I have made changes though. Not being in a band for the first time since I was a teenager is a big change. I think initially, for me and especially for Make-That-A-Take, a lot of touring was an escape, like, “I don’t want to grow up.” But as you do grow up, you realise like “God, I’m 40 years old, what am I doing here?” And here is a bathroom in Wrexham at 3 o’clock in the morning or whatever. I’ve got some friends who I love and respect dearly who still do it but I don’t want to be on tour sleeping in a van every night for three months, I want to stay at home and go to bed at a reasonable hour sometimes. So it has evolved.
But generally, I don’t know what I’d do with my life if I wasn’t doing this. I’d probably have a lot less stress and I’ve got no doubt that the time will come but for me, as Derrick, I’m not done with punk rock yet. I’d like to think I’m a true believer, but once that goes out we won’t do it again because I’m certainly not doing it for the money. I’ve lost more money than I’ve ever made through music. But I’m not saving for anything. I would’ve spent that money on something else.
When it comes to money, I’m actually, I think, quite a cautious person.

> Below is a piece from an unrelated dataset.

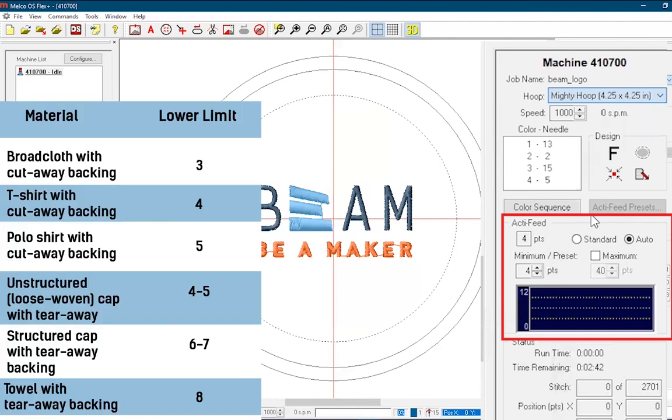You can optimize this automation by properly adjusting the lower limit, which involves identifying what type of material you're using, and setting the lower limit to that value using this chart.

Other people might see it as reckless abandonment or shortsightedness or whatever. I don’t. Because despite all the “radicalism”, we still want to be able to do this, so I consider things. The scale of what we’re trying to do has grown but the principle of those ideas and heart remains the same, and I’d like to think a little purer, a little less egoic than before. Back then, it was just us saying, “Listen to our band, listen to our band”. I’m a terrible listener so it takes some time for these things to take root, but over the course of the last 16 years, I’ve had a lot of conversations and gigs and learning and eating shit for zero thanks and that’s okay, because at those points, the fact we were doing it was enough. And I still feel that in my heart. I think you can tell, or I hope that comes across; that there are shits given.
(CD): You totally can. Since you spend so much time supporting other people, what’s the thing other people can do to show you some support?

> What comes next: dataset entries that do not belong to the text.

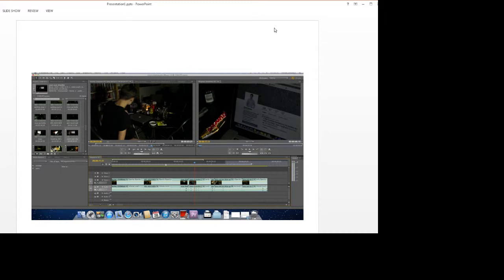It took us a while to get our rough cut done as we had loads of shots to go through, but our edit quickly improved from there. From our rough cut we had to change and delete some shots in order for the shots to flow.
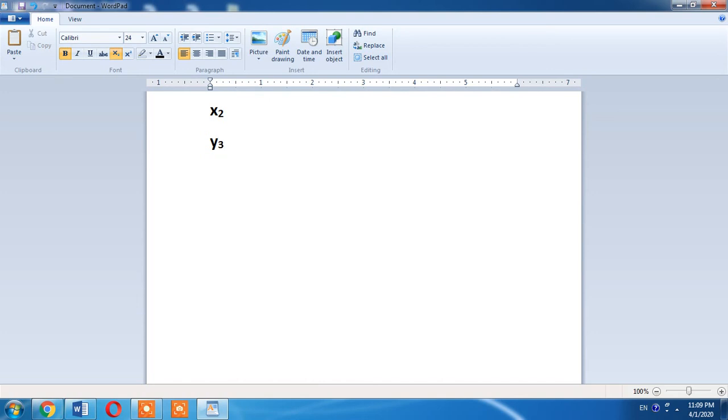So this is how you can write subscript of any number with the help of your keyboard. If this video helped you in any way, please subscribe my channel and hit the like button. Thanks for watching, thanks for your time, goodbye.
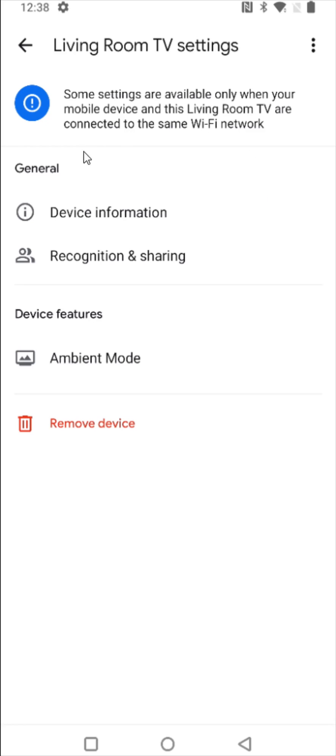This will bring up a menu for that particular device and we can see at the bottom it says remove device so we're going to click on that.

(DJ): I think the answer is always the same no matter what you’re talking about; come. Come to the shows. Come check out the bands. Dundee has a wonderful musical community, whether it’s punk rock or hardcore or alternative or whatever the case may be, it’s all about the humans. Our church of punk—what a ridiculous phrase—is a wide one and we try to be inclusive not in a tokenist way but of ideas. And not to wave the flag of “oh look at us” but I don’t think there’s many other examples of bills, of musical communities where a band like Indica could comfortably share a bill with Nicola Madill. To me there are direct connections between those bands that have nothing to do with sonics and everything to do with ideals and thoughts and maybe a reflectiveness.
So in terms of what I’d like people to do, look at what we have. I don’t mean just Make-That-A-Take but in our city. Almost any scene or culture you’re looking for exists here, you’ve just got to scratch that little bit deeper. Maybe come a little bit further back than the West End and the Waterfront and there are interesting things going on all over the place.
There’s always a space for those who’ll do the thing and are doing the thing, whether it’s punk or hardcore or motors or tables or furniture or food or setting up your own support groups or community larder or community projects like Food Not Bombs. Literally, any projects you can set up autonomously with groups of people are to be encouraged. DIY projects need the benefit of the doubt; both myself and Make-That-A-Take wouldn’t have been here without it so I think that for myself forms the crux of it.